* **PROBLEM DETAILS**:
Nothing but the lines from the one containing "Schedulability Analysis of P" through the end of the data below should appear in the answer, each exact and free of pictures.

-------

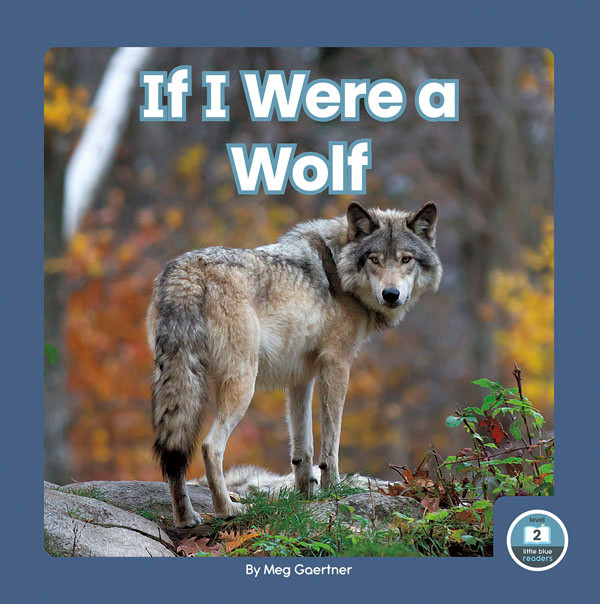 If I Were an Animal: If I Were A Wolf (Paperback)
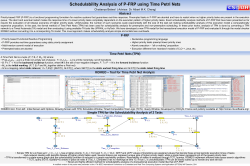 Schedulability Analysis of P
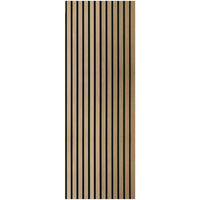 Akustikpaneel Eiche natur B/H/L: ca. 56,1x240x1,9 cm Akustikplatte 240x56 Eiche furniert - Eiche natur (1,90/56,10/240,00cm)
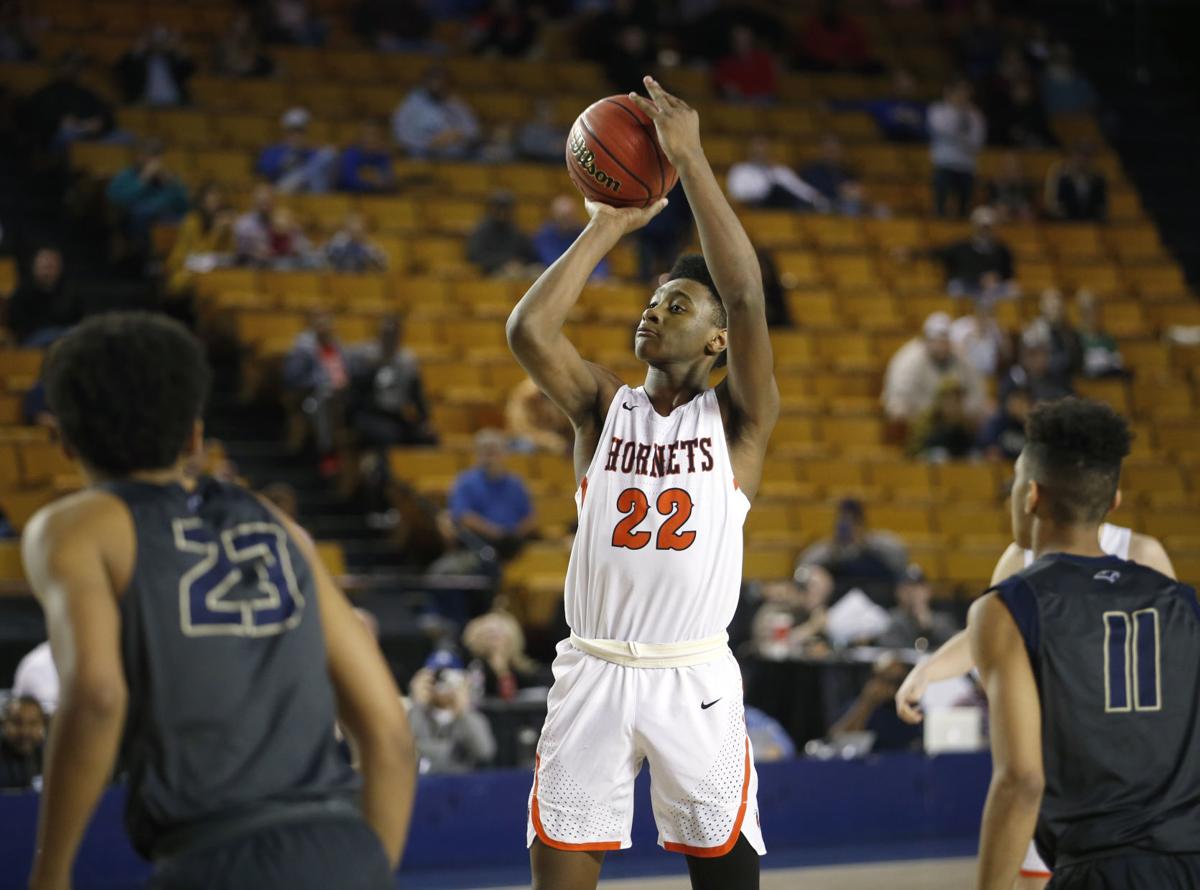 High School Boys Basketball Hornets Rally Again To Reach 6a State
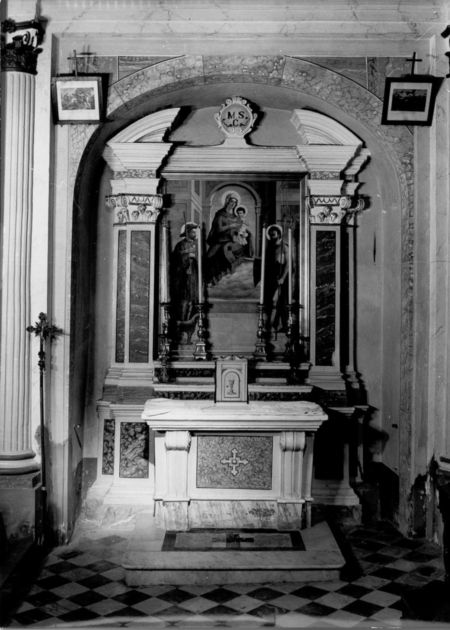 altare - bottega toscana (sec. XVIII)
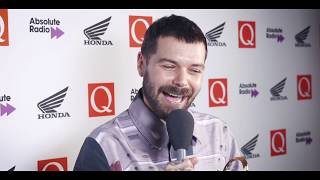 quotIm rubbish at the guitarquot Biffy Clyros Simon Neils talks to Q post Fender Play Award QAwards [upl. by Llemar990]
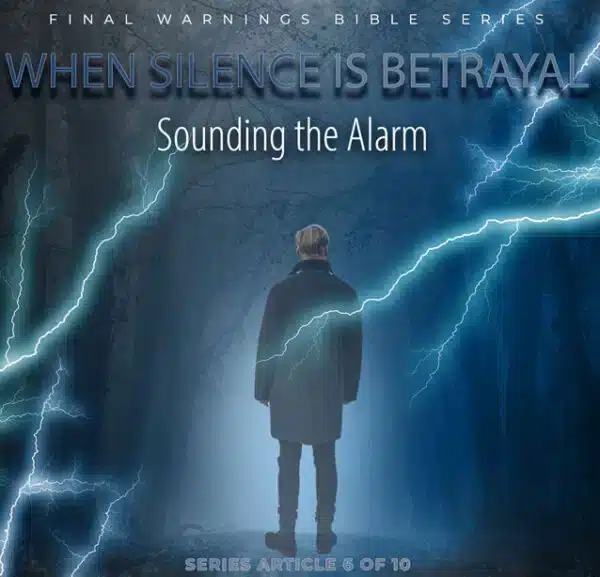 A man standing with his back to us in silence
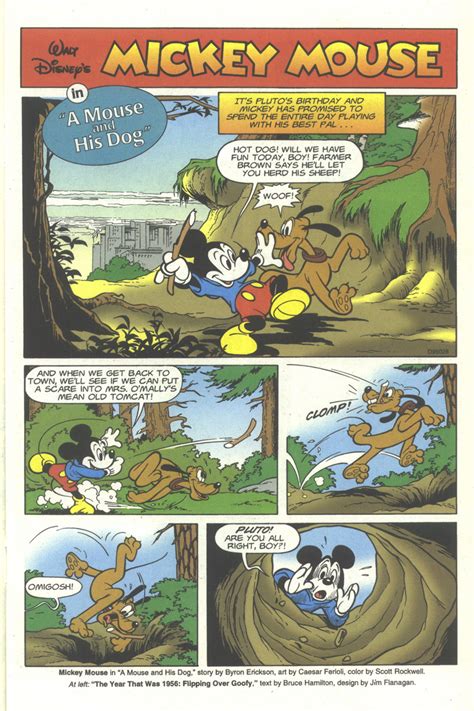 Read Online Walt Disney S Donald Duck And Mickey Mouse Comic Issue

-------

* **EXERCISE ANSWER**:
 Schedulability Analysis of P
 Akustikpaneel Eiche natur B/H/L: ca. 56,1x240x1,9 cm Akustikplatte 240x56 Eiche furniert - Eiche natur (1,90/56,10/240,00cm)
 High School Boys Basketball Hornets Rally Again To Reach 6a State
 altare - bottega toscana (sec. XVIII)
 quotIm rubbish at the guitarquot Biffy Clyros Simon Neils talks to Q post Fender Play Award QAwards [upl. by Llemar990]
 A man standing with his back to us in silence
 Read Online Walt Disney S Donald Duck And Mickey Mouse Comic Issue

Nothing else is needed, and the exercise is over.